I new i was missing some thing  :doh:  , i get it now , your way is much better  :thumbup:

Thanks Rob

madjackghengis:
Hi Rob, I could have made the plate for direct indexing, but running it through a forty to one head makes the accuracy much greater.  Here's the gear
it may look like all the teeth are there, but the worm has worn the center out of each tooth and it is only the ends still showing.

here's a side view of the gear and the flycutter which will cut the new gear.

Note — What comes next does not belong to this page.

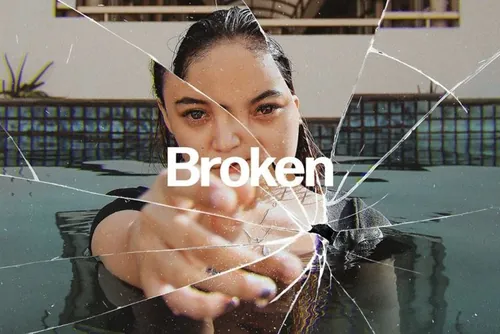 酷炫艺术破裂玻璃效果图片艺术照PS快速生成模板 Broken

A close look at the fly cutter will show the ground tooth which will cut the groove in the new blank

The chuck will come off the lathe, go on the indexing engine, set at the worm's helix angle, and the fifty one teeth cut for a new gear.  More pictures will come, when the gear is cut, and when it is back in the drive motor, and working. :headbang:  mad jack

madjackghengis:

with the chuck, stub arbor and gear blank mounted on the mill, making the first cuts

a closer look at the mill, cutting with a fly cutter, ground to match the old gear teeth

another close look at the cut

teeth finished, gear ready for cutting a keyway, note the groove worn in the teeth of the old gear

new and old gear lying side by side

setting up the shaper to cut the keyway

cutting the keyway, ten minutes to set up, two minutes to cut it.

gear pressed on shaft of the driver, and fit in its place in the machine, perfect fit.
Just have to reassemble the driver motor, and test it out.

Drive motor completed, assembled, and tested, works great.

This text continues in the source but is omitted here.